Not logged in | Log in | Sign Up
Kilka lat temu miałem okazję widzieć takiego lidera od spodu. Była to nauka jazdy. Zaczęły pękać profile, do których były przymocowane drążki reakcyjne (cukierki) tylnego mostu. Instruktor oczywiście nie zgodził się na pospawanie tego i pozostawienie autobusu, tylko powiedział, że ze 2 tygodnie może się umówić. Wrócił po 3 dniach z przekoszonym tylnym mostem.
Remont za dużo PKS nie kosztował. Silnik już był po remoncie, tyle co profile i robocizna.

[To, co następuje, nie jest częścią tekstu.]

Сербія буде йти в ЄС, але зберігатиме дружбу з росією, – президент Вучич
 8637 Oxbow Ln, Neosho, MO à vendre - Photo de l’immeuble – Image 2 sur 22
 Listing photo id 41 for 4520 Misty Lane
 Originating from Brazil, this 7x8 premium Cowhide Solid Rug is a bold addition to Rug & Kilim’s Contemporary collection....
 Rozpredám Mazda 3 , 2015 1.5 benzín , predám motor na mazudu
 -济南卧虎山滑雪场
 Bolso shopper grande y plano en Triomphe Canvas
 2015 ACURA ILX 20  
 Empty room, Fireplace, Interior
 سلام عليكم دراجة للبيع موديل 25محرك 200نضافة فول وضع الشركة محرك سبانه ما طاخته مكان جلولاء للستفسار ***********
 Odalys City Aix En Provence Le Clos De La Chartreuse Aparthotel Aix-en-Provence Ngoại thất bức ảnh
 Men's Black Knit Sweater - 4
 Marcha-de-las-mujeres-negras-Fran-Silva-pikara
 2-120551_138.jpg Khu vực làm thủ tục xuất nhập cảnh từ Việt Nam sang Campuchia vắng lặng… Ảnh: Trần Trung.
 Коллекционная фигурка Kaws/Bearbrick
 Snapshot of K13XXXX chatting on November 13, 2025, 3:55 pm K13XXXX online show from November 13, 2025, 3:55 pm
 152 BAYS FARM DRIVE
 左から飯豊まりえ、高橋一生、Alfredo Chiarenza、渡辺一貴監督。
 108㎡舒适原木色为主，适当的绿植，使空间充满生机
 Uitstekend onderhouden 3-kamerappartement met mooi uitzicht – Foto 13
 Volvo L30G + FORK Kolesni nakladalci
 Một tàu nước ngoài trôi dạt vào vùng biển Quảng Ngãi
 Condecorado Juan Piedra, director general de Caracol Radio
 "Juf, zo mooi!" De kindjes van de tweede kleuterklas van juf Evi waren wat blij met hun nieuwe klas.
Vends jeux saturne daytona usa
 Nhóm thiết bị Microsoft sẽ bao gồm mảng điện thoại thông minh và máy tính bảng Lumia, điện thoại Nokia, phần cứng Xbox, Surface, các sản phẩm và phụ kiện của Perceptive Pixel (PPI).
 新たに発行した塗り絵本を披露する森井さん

Ale mechanikom i tak trzeba płacić, a w Siemiatyczach za dużo roboty nie mają.
W mojej byłej firmie, Szef oddał do warsztatu jednego Lidera na poprawki. Jak zaczęli przy tylnym moście, to skończyli na przedniej osi łącznie z wymianą podłogi bagażników. A i sama rama też była nadgryziona. Znaleźli tylko trzy kawałki jekli, które były właściwe i wspawane chyba przez przypadek, reszta to papier. Lider to zło.
Niestety inżynierowie zbyt odchudzili konstrukcję i mamy tego efekty. Gdyby jeszcze porządnie zabezpieczali w fabryce profile wewnątrz i na zewnątrz, to może by wytrzymały.
Przykładowo Mercedesy O405 produkowane w latach 80/90 oprócz zabezpieczenia profili barankiem z zewnątrz, wewnątrz profile wypełniano pianką. Dzięki temu woda nie skraplała się tam i nie powstawała korozja. Kratownice wytrzymywały prawie 30 lat.
Czyzby Intouro trafiło do Białegostoku?